WORK TO COMPLETE:
After finding "Playstation 4 Slim 1 tb (2008B)+гарантия" in the material below, output its line and every line after it through the last, exactly, but not the pictures.

INFORMATION SUPPLIED:

**********

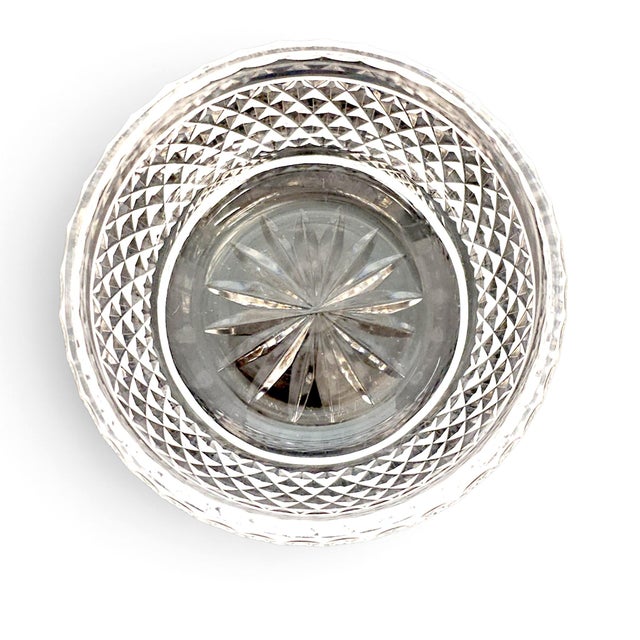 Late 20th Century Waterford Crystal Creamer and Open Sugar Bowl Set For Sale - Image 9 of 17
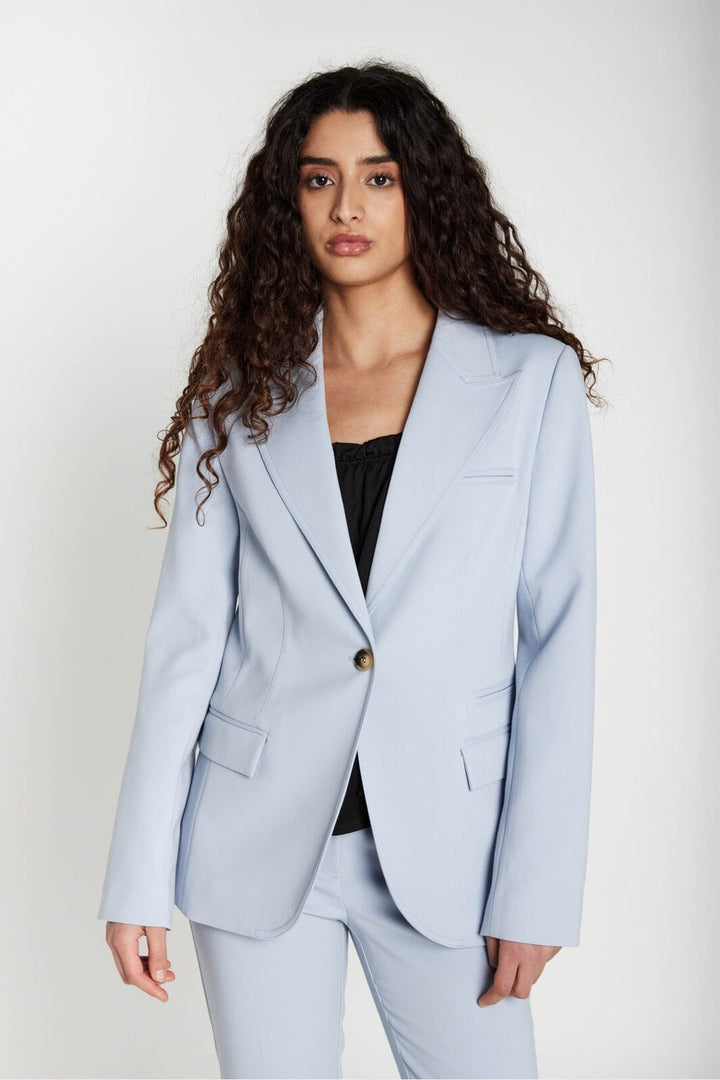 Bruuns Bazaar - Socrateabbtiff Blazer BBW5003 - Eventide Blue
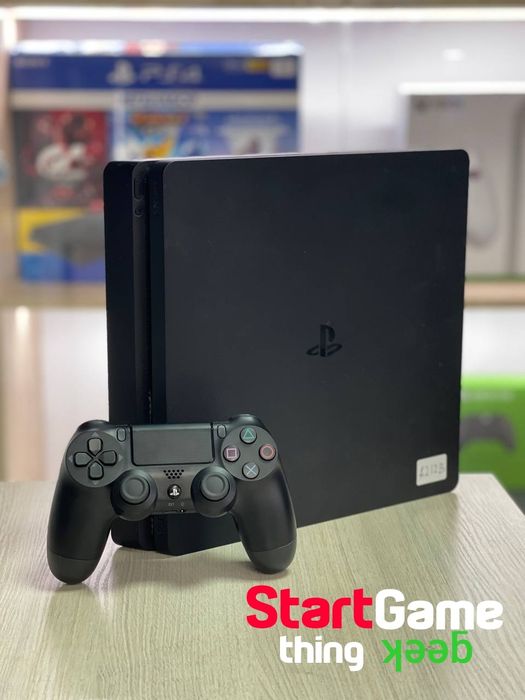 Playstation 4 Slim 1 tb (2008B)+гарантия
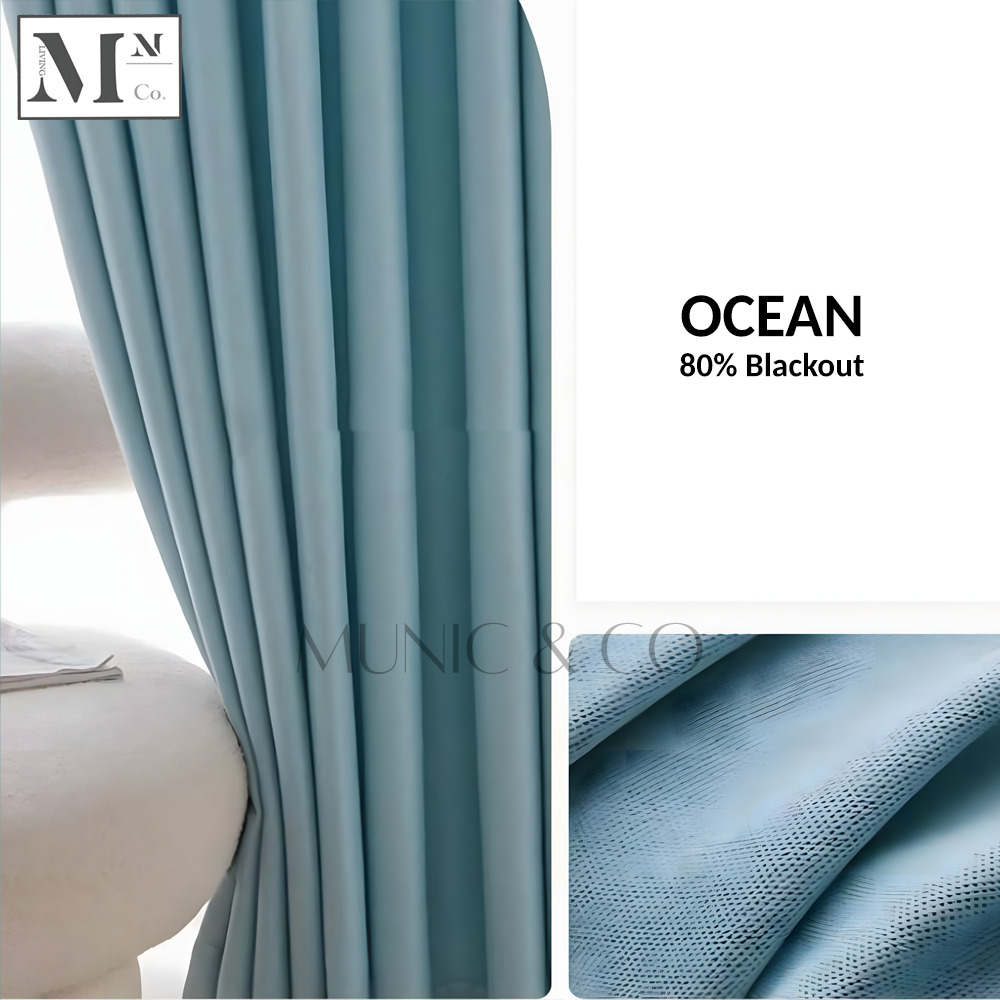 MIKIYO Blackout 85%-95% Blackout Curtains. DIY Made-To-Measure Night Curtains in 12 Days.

**********

ANSWER TO THIS PROBLEM:
 Playstation 4 Slim 1 tb (2008B)+гарантия
 MIKIYO Blackout 85%-95% Blackout Curtains. DIY Made-To-Measure Night Curtains in 12 Days.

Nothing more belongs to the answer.